I have a user that had the code using dask.bag crash on their dataset, but they were able to avoid this by manually setting n_partitions=20.

github.com/vocalpy/vak

ENH: Out of memory when preparing the dataset (computing spectrograms)

opened 06:48PM - 11 Oct 22 UTC

kalleknast

ENH: enhancement

**Problem** I'm prepping a big dataset (15 GB of WAV). When computing the spect…rograms I run out of memory with the error: `concurrent.futures.process.BrokenProcessPool: A process in the process pool was terminated abruptly while the future was running or pending.` **Suggestion** This can be fixed by limiting the number of partitions used by `dask.bag` to 20. I.e. changing line 229 in `audio.py` from `bag = db.from_sequence(audio_files)` to `bag = db.from_sequence(audio_files, npartitions=20)` fixes the problem (setting `partition_size` would probably also work). The best would be to automatically figure out the number of workers and memory available and set `npartitions`/`partition_size` accordingly. Unfortunately, I cannot see a way to do that without additional dependencies. An alternative would be to add the number of workers to the `[PREP]` section in `config.toml`.

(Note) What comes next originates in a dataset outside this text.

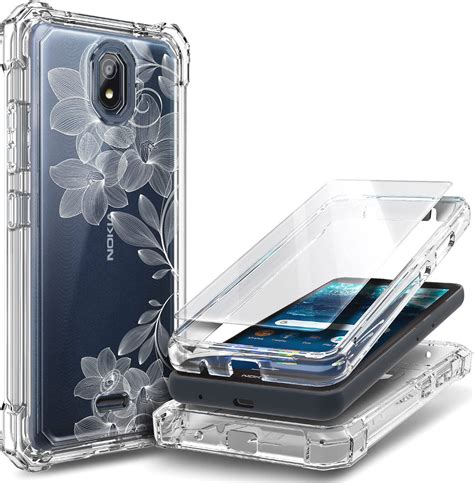 Nagebee Phone Case Compatible for Nokia C100 with Tempered Glass Screen ...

As I understand it, the default is “around 100”.
(I would link to dask.bag docs here but new users can only put 2 links per post)

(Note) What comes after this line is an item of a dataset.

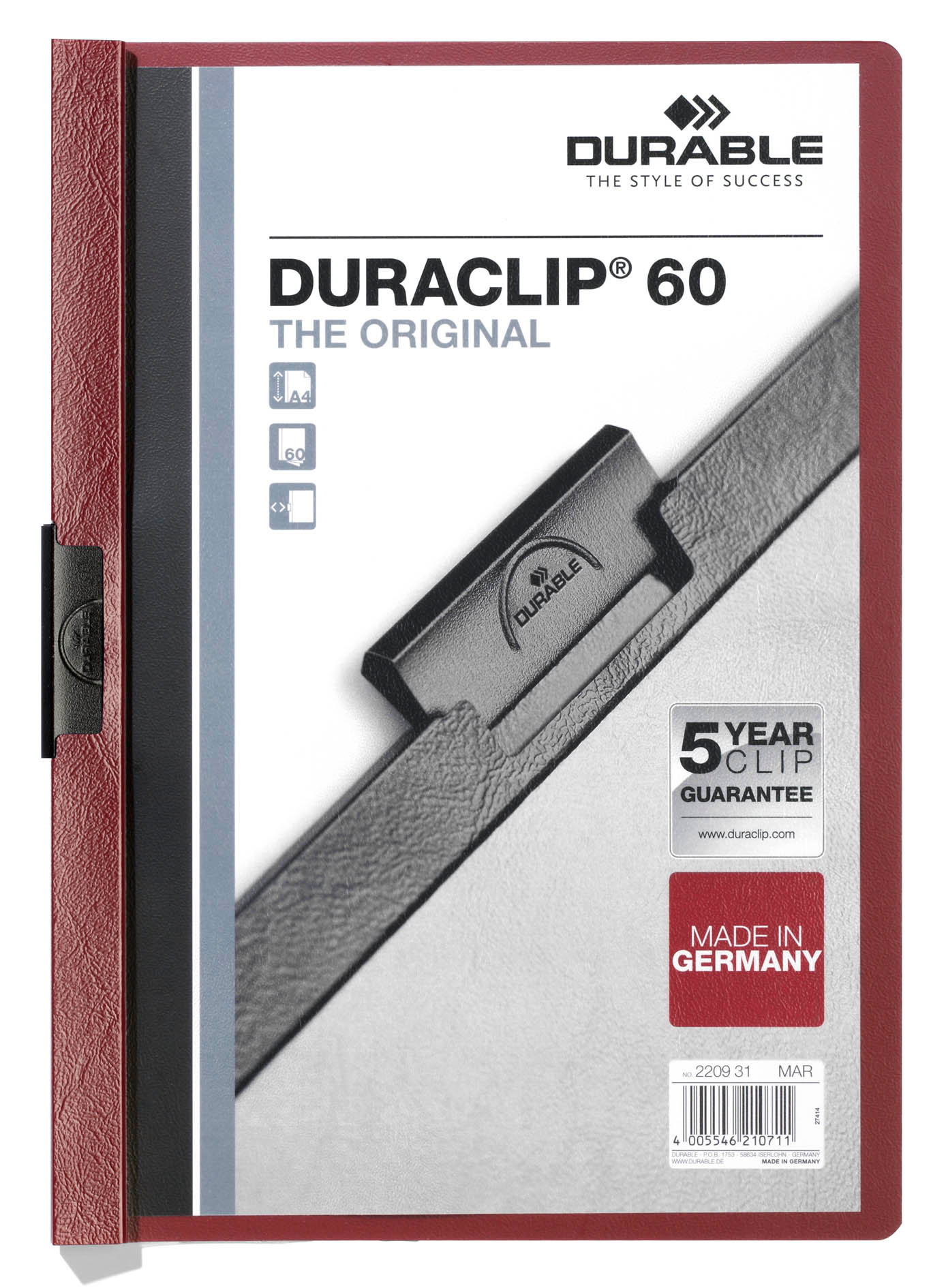 Папка с клипом Durable Duraclip 2209-31 прозрач. верх.лист A4 1-60лист. бордовый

My best guess for what’s happening here is that it’s some memory issue; my reasoning for this is that their files are much larger than what we’ve usually run with, ~100 MB instead of the typical 2-10MB.

But the traceback reports concurrent.futures.process.BrokenProcessPool – there’s nothing about memory in the error itself.

The full traceback they get is:

$ vak prep train_config.toml 
2022-10-14 22:59:43,745 - vak.cli.prep - INFO - Determined that purpose of config file is: train.
Will add 'csv_path' option to 'TRAIN' section.
2022-10-14 22:59:43,745 - vak.core.prep - INFO - purpose for dataset: train
2022-10-14 22:59:43,745 - vak.core.prep - INFO - will split dataset
2022-10-14 22:59:44,315 - vak.io.dataframe - INFO - making array files containing spectrograms from audio files in: data/WAV
2022-10-14 22:59:44,319 - vak.io.audio - INFO - creating array files with spectrograms
[                                        ] | 0% Completed | 12.69 sms
Traceback (most recent call last):
  File "/home/hjalmar/callclass/bin/vak", line 8, in <module>
    sys.exit(main())
  File "/home/hjalmar/callclass/lib/python3.8/site-packages/vak/__main__.py", line 45, in main
    cli.cli(command=args.command, config_file=args.configfile)
  File "/home/hjalmar/callclass/lib/python3.8/site-packages/vak/cli/cli.py", line 30, in cli
    COMMAND_FUNCTION_MAP[command](toml_path=config_file)
  File "/home/hjalmar/callclass/lib/python3.8/site-packages/vak/cli/prep.py", line 132, in prep
    vak_df, csv_path = core.prep(
  File "/home/hjalmar/callclass/lib/python3.8/site-packages/vak/core/prep.py", line 201, in prep
    vak_df = dataframe.from_files(
  File "/home/hjalmar/callclass/lib/python3.8/site-packages/vak/io/dataframe.py", line 134, in from_files
    spect_files = audio.to_spect(
  File "/home/hjalmar/callclass/lib/python3.8/site-packages/vak/io/audio.py", line 236, in to_spect
    spect_files = list(bag.map(_spect_file))
  File "/home/hjalmar/callclass/lib/python3.8/site-packages/dask/bag/core.py", line 1480, in __iter__
    return iter(self.compute())
  File "/home/hjalmar/callclass/lib/python3.8/site-packages/dask/base.py", line 315, in compute
    (result,) = compute(self, traverse=False, **kwargs)
  File "/home/hjalmar/callclass/lib/python3.8/site-packages/dask/base.py", line 600, in compute
    results = schedule(dsk, keys, **kwargs)
  File "/home/hjalmar/callclass/lib/python3.8/site-packages/dask/multiprocessing.py", line 233, in get
    result = get_async(
  File "/home/hjalmar/callclass/lib/python3.8/site-packages/dask/local.py", line 500, in get_async
    for key, res_info, failed in queue_get(queue).result():
  File "/usr/lib/python3.8/concurrent/futures/_base.py", line 437, in result
    return self.__get_result()
  File "/usr/lib/python3.8/concurrent/futures/_base.py", line 389, in __get_result
    raise self._exception
concurrent.futures.process.BrokenProcessPool: A process in the process pool was terminated abruptly while the future was running or pending.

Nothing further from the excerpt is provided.